Your goal
A verbatim copy of the listing is what is needed, minus any pictures.

Supplied material
****************
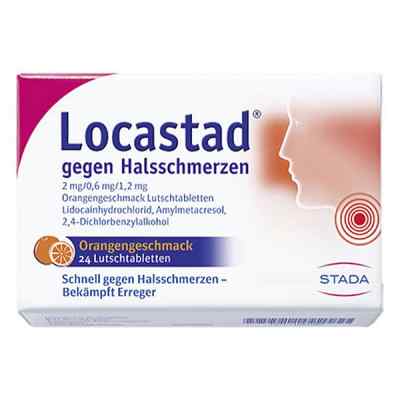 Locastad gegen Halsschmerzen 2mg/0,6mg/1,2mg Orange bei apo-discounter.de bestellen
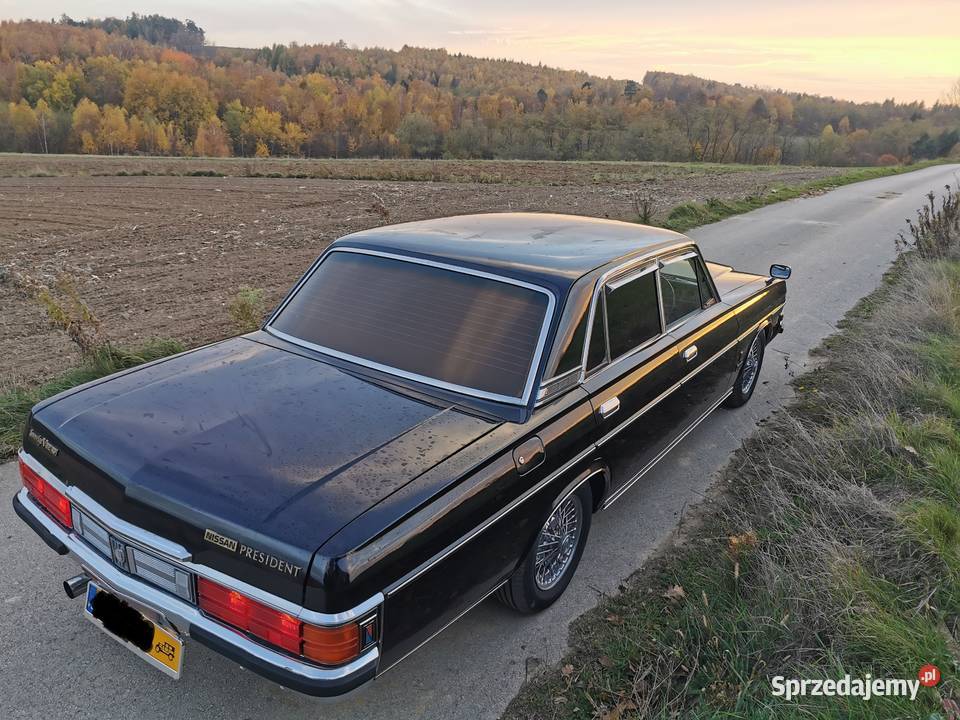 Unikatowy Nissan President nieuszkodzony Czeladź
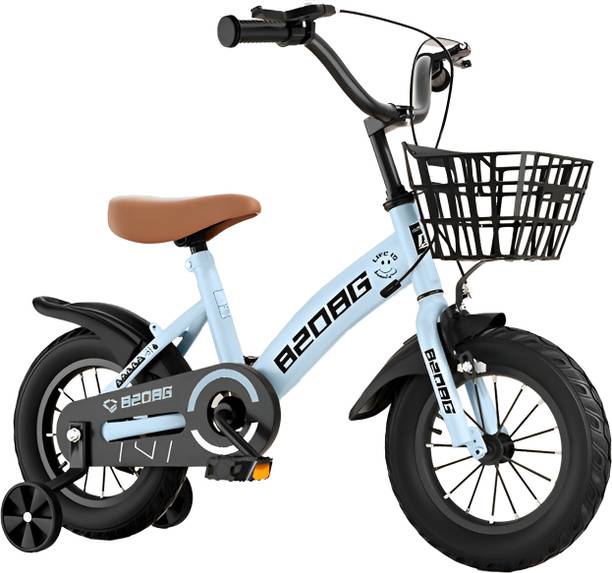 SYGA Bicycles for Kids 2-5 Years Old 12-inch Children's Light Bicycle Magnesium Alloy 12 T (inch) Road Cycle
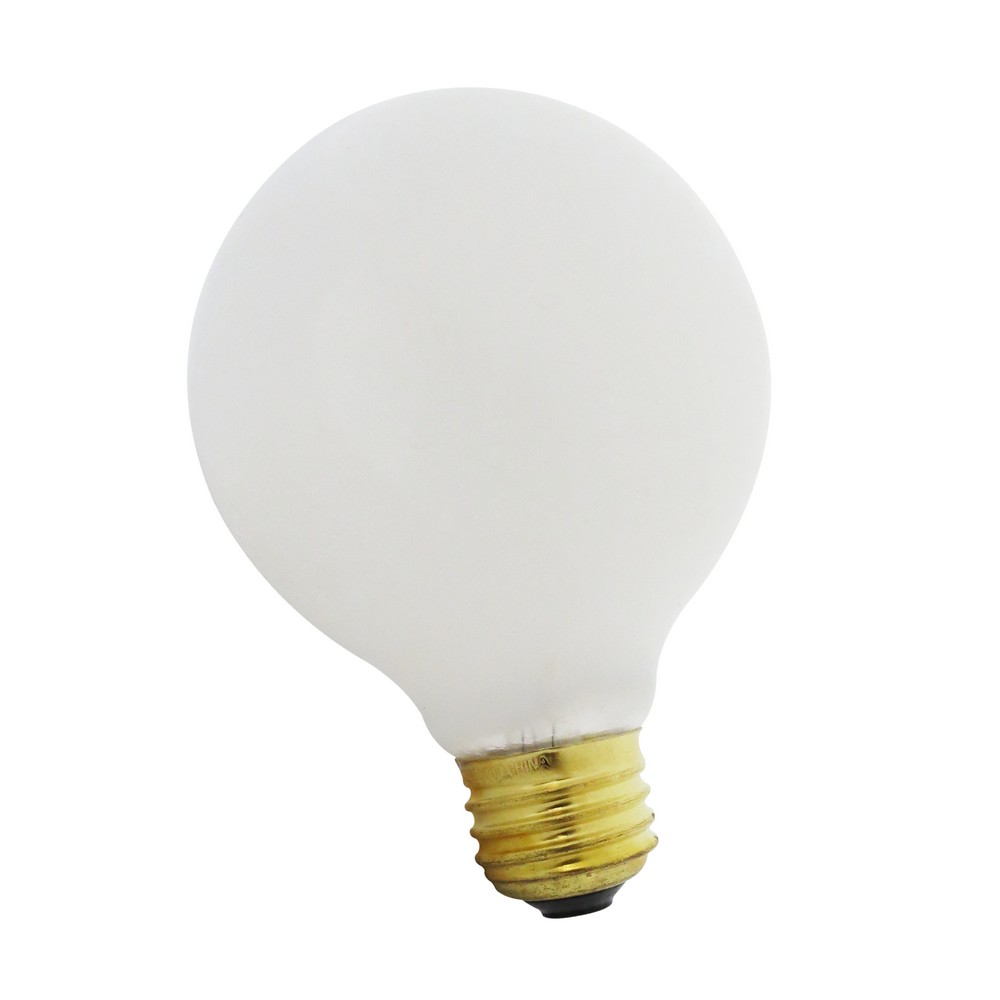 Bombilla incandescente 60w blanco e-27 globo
****************
Task answer
 Locastad gegen Halsschmerzen 2mg/0,6mg/1,2mg Orange bei apo-discounter.de bestellen
 Unikatowy Nissan President nieuszkodzony Czeladź
 SYGA Bicycles for Kids 2-5 Years Old 12-inch Children's Light Bicycle Magnesium Alloy 12 T (inch) Road Cycle
 Bombilla incandescente 60w blanco e-27 globo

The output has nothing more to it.